Given that I really have no idea of the scope of your undertaking, I might ask why not simply use EC2 for the parsing and processing. Especially if the parsing is complex, the pages can be fetched faster than they can be processed, and you have a large number of pages (presumable, otherwise you wouldn't be going to through the effort of setting up AWS), it might be more efficient to simply process the pages on EC2, and when everything is done, download a dump of the database. Arguably, this might simplify things a bit - have one instance running MySQL (with the data stored on an EBS volume), each instance queries the MySQL instance for the next set of records (and perhaps marks those as reserved), fetches and processes, and saves the data to MySQL.

If you are not going to run MySQL on EC2, you can either store your HTML files on S3, as you have mentioned, or can go with saving them on an EBS volume. The advantage of S3 is that you don't need to pre-allocate storage (especially useful if you don't know the size of the data you are dealing with) - you pay for PUTs/GETs and storage; the downside is speed - S3 is not meant to be used as a filesystem, and (even though you can mount it as a filesystem) it would be fairly inefficient to be saving each individual file to S3 (as in you will want to accumulate a few pages and them upload them to S3). Additionally, if you have a large volume of files (tens of thousands) the processing of fetching all the filenames, etc. can be slow. EBS volumes are meant to be used as storage attached to an instance - the advantage is in speed - both transfer rates and the fact it has a 'filesystem' (so reading a list of files, etc. is quick) - EBS volumes persist beyond instance termination (except for EBS root volumes, which do not by default (but can be made to)). The downsides of EBS volumes are that you have to pre-allocate a quantity of storage (which cannot be modified on the fly) - and you pay for that amount of storage (regardless of whether all of it is in use); you also pay for I/O operations (also, the performance of EBS volumes is dependent on network speed - so larger instances get better EBS performance).
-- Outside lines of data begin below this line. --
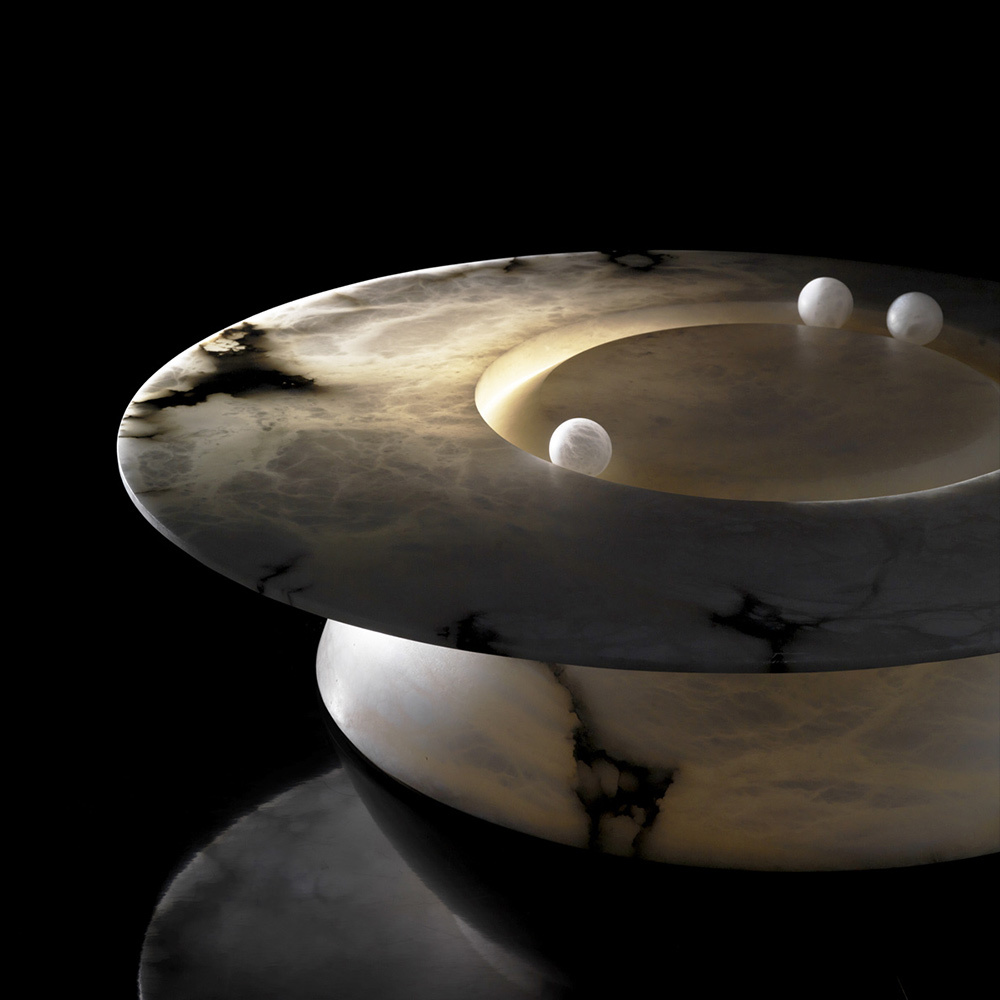 Журнальный стол Agrippa COPERNICUS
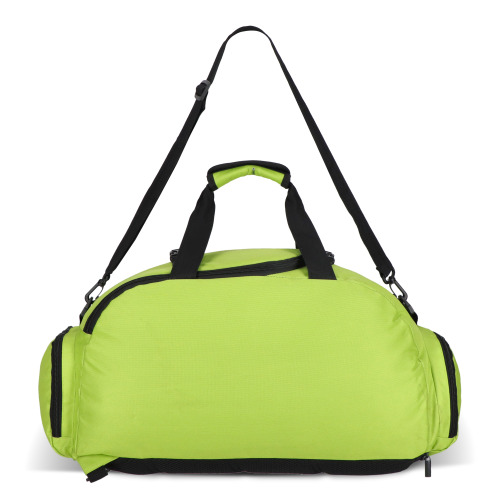 Torba sportowa / plecak Karo R-PET 27L Jasnozielony LT95281-N0032 (4)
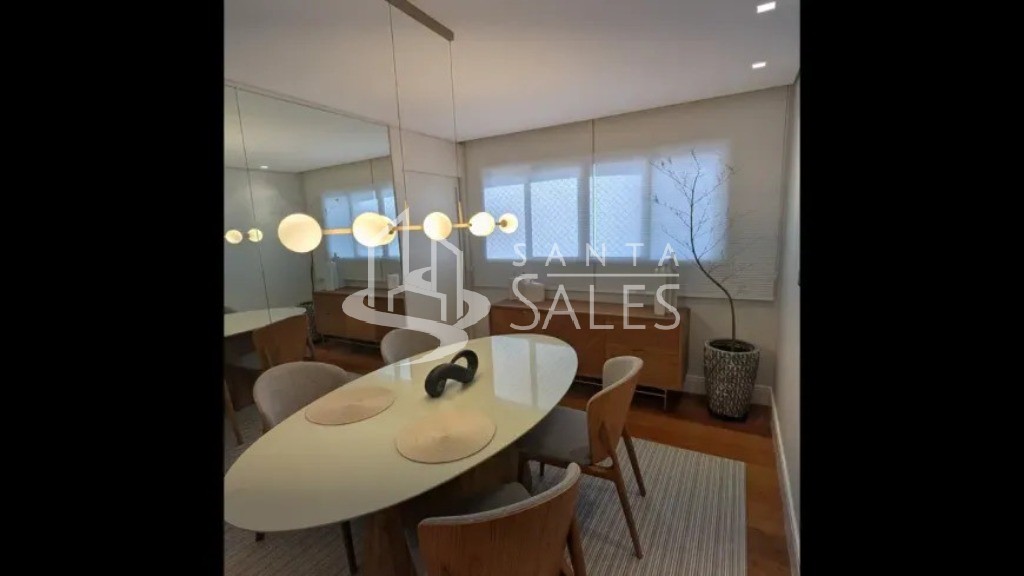 Apartamento, 4 quartos, 187 m² - Foto 11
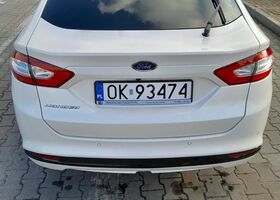 Форд Мондео, об'ємом двигуна 2 л та пробігом 172 тис. км за 8898 $, фото 1 на Automoto.ua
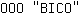 O***O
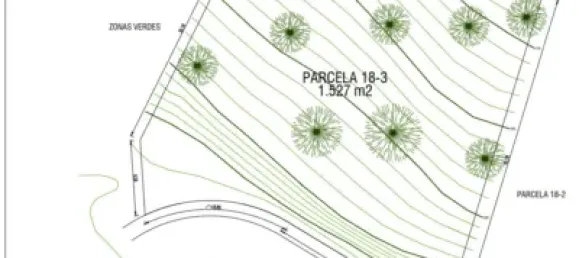 Земельный участок 490м² в Марбелья, Испания № 129807 11
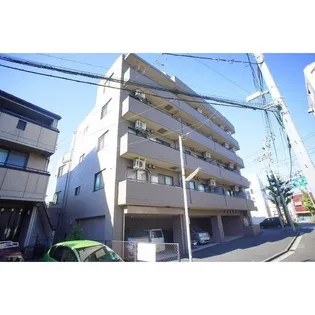 エイトク上大岡の画像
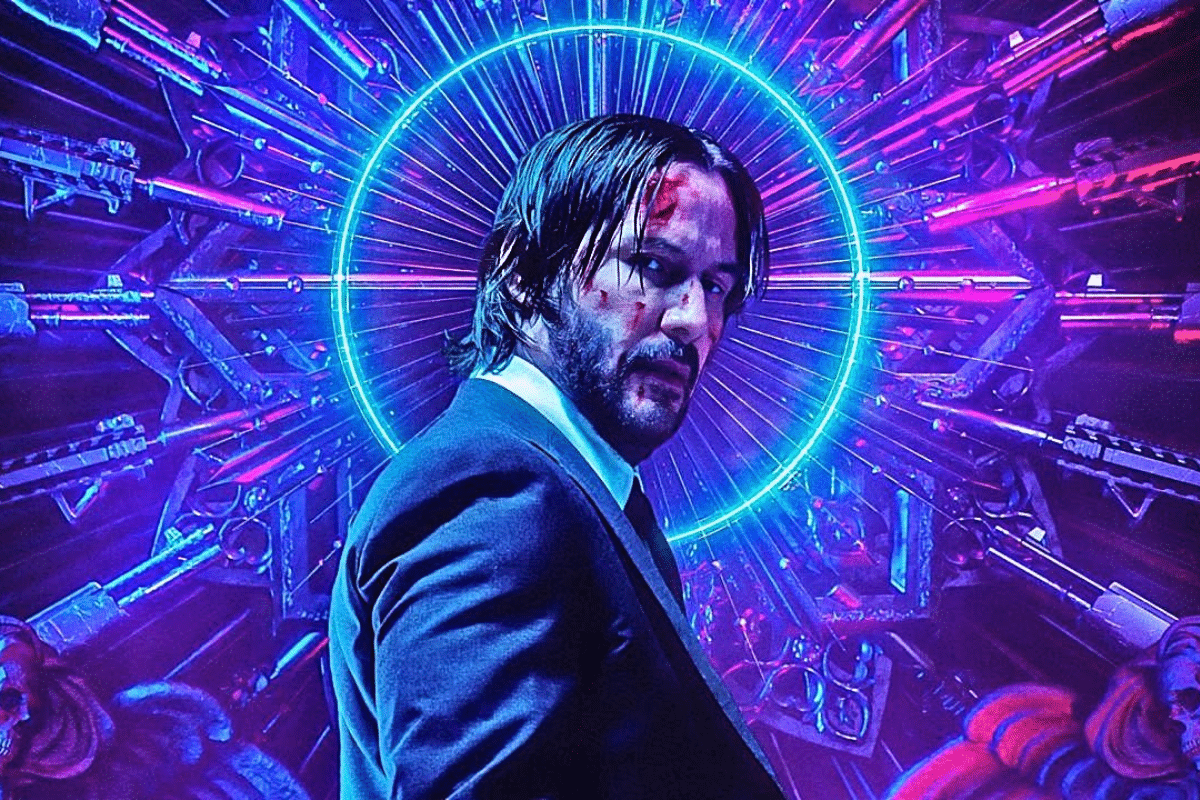 John Wick 4: Baba Yaga | Filme ganha último trailer eletrizante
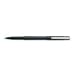 Sanford(R) Uni-Ball(R) Rollerball Pens, Extra-Fine Point, 0.5 mm, Blue, Box of 12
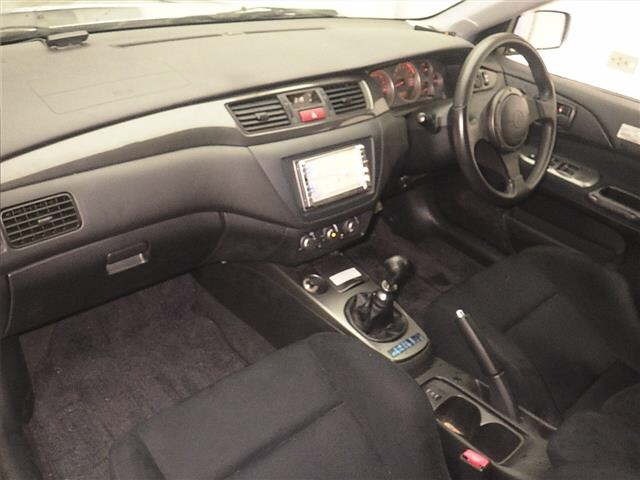 Mitsubishi LANCER 2004 7718583-4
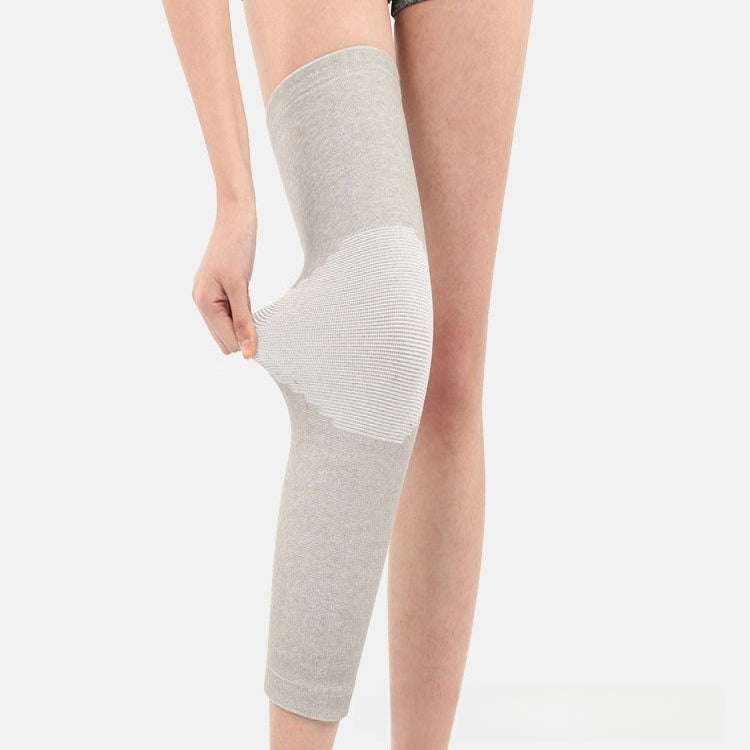 Bamboo Charcoal Knee Pads Sports Protective Gear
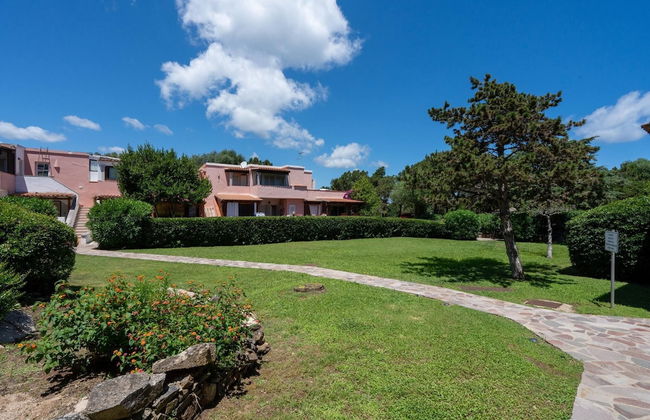 Porto Rotondo - Appartamento in Centro, 8 Minuti Da Spiaggia Ira - Foto 34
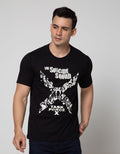 T Zone Short Sleeve T-Shirt Warner Bros  Suicide Squad Task Force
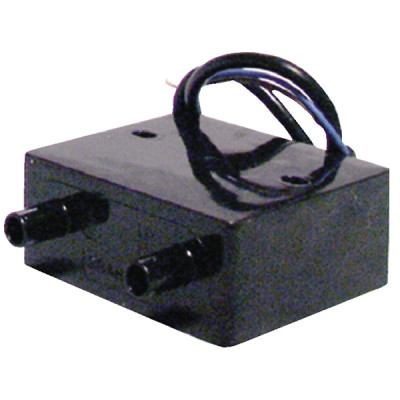 Transformador de encendido TC2LVCA - BRAHMA : 15911100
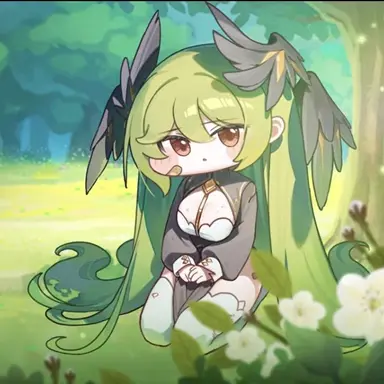 Profile image of 죠안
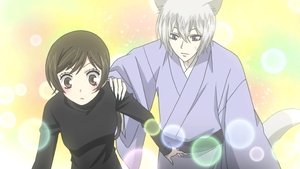 Kamisama Kiss 3. epizoda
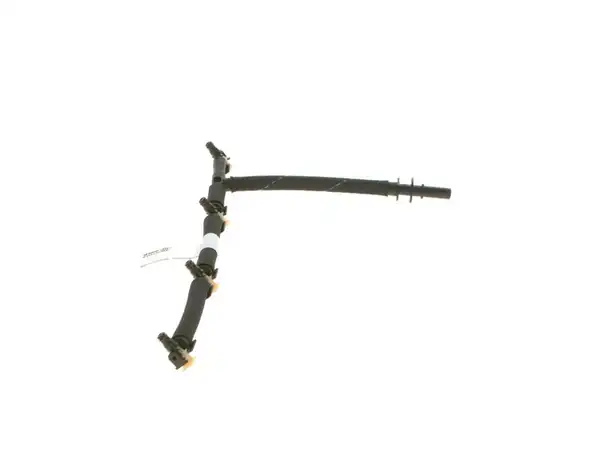 Bosch 0445130202 Ford Focus Connect 1 5 Ecoblue Enjektör Geri Dönüş Hortumu 17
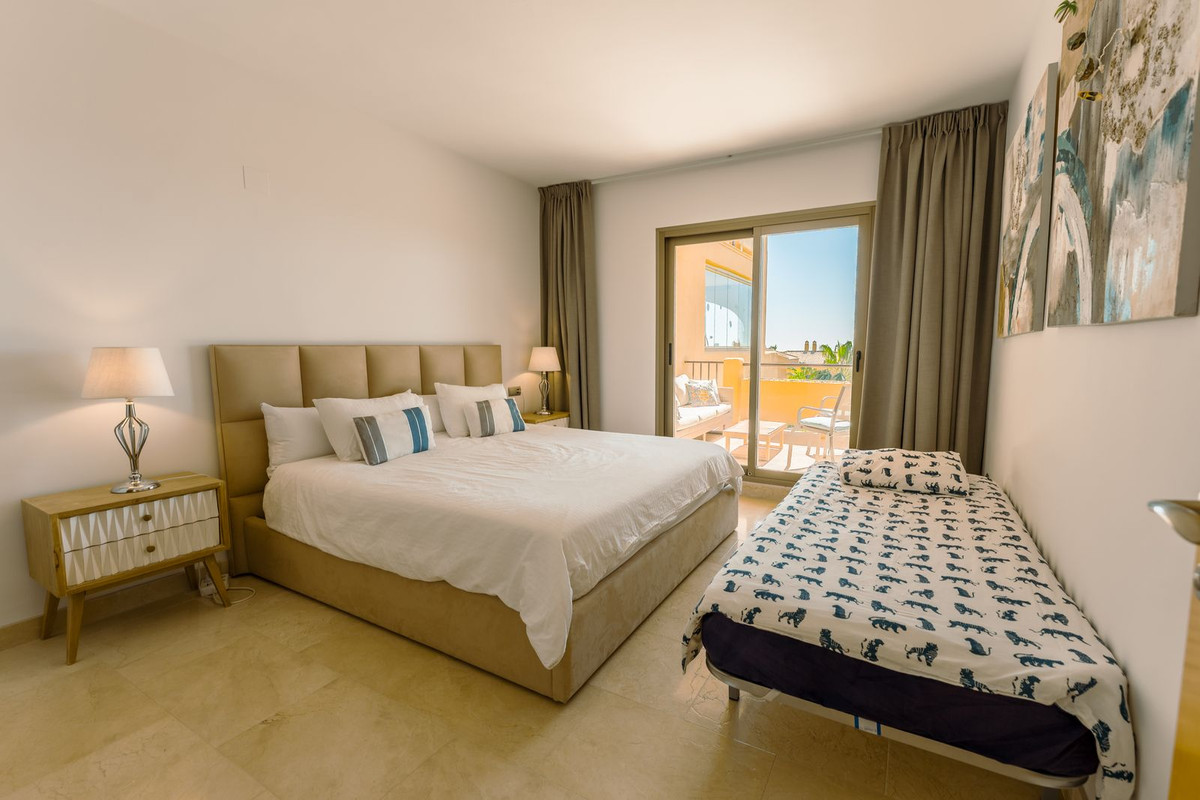 Middle Floor Apartment bilde 20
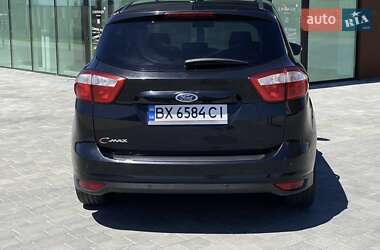 Минивэн Ford C-Max 2014 в Киеве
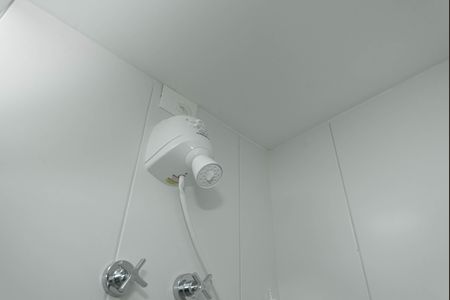 Apartamento à venda com 26m², 1 quarto e sem vagaBanheiro social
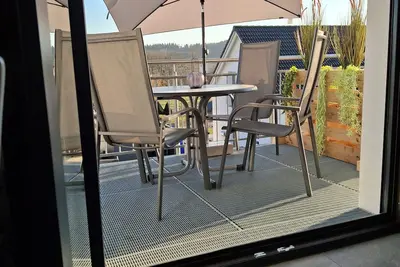 Image de Vacation apartment Bodensee-Suedwind in the countryside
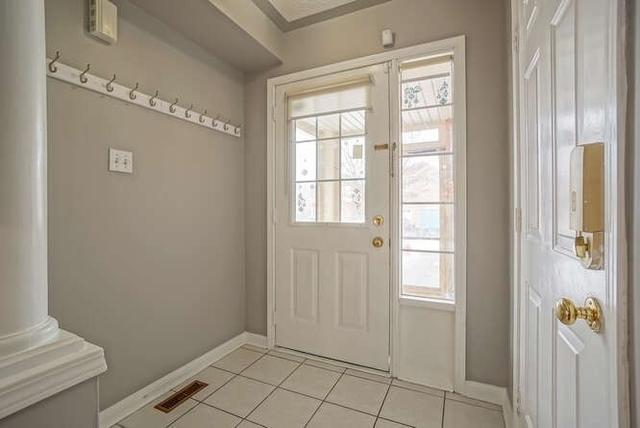 55 Brunswick St, House semidetached with 3 bedrooms, 3 bathrooms and 3 parking in Brampton ON | Image 7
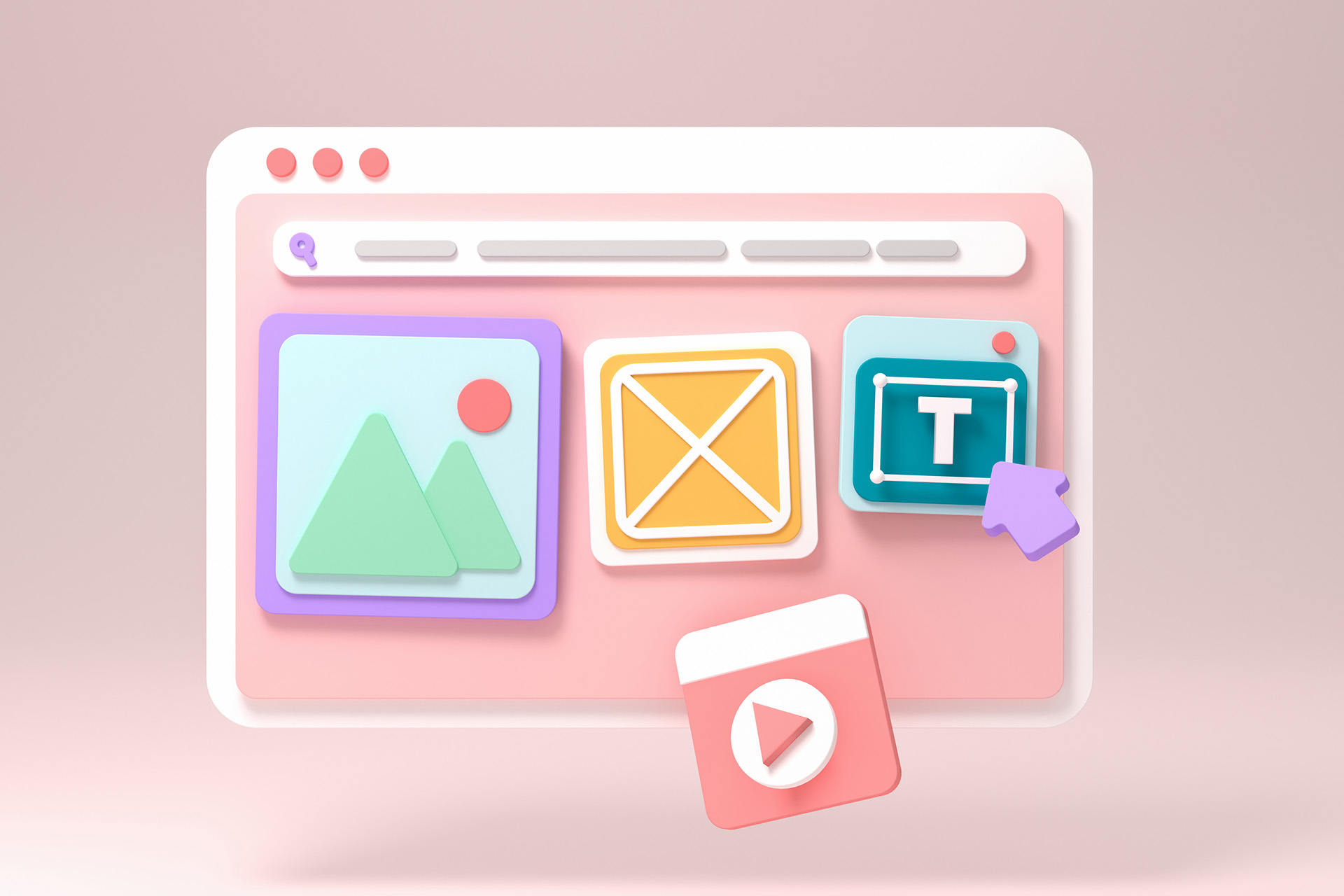 Img_interactive platform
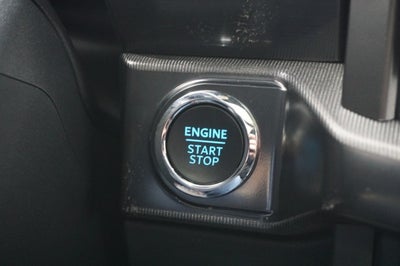 2026 Ford F-150 Black Widow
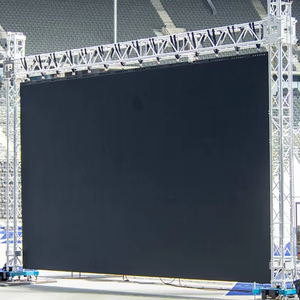 Écran extérieur d'affichage à LED P3.91 500X1000mm <span class=keywords><strong>vidéo</strong></span> dansant le prix concurrentiel - Product Image 6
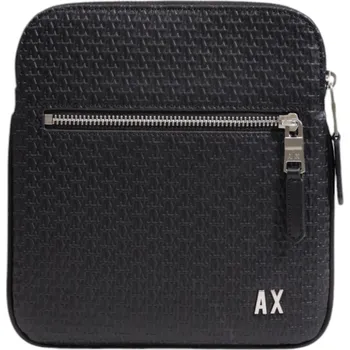 Armani Exchange Borsa Uomo Armani černá 3497279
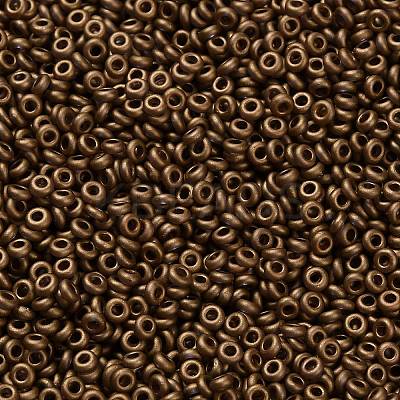 TOHO 11/0 Demi Round Beads Y-SEED-DR11-0634F-1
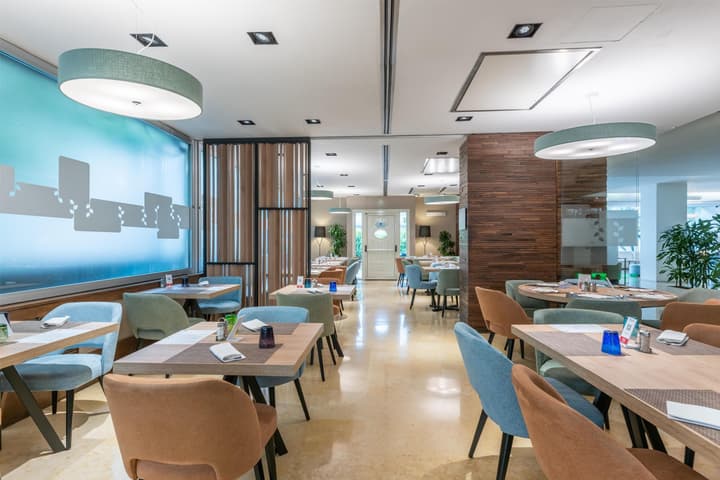 Hilton Garden Inn Rome Claridge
The other advantage of EBS is that, being a filesystem, you can perform a task like gzipping the files very easily (and I imagine that if you are downloading a lot of html pages you will not want to be fetching individual files of S3 later on).

I am not really going to speculate on the possibilities (keeping in mind that at a very large scale, something like map-reduce/hadoop would be used to manage this kind of task), but as long as you have an approach for partitioning the task (e.g. MySQL instance) and managing the scaling of instances (e.g. auto-scaling), the idea you have should work fine.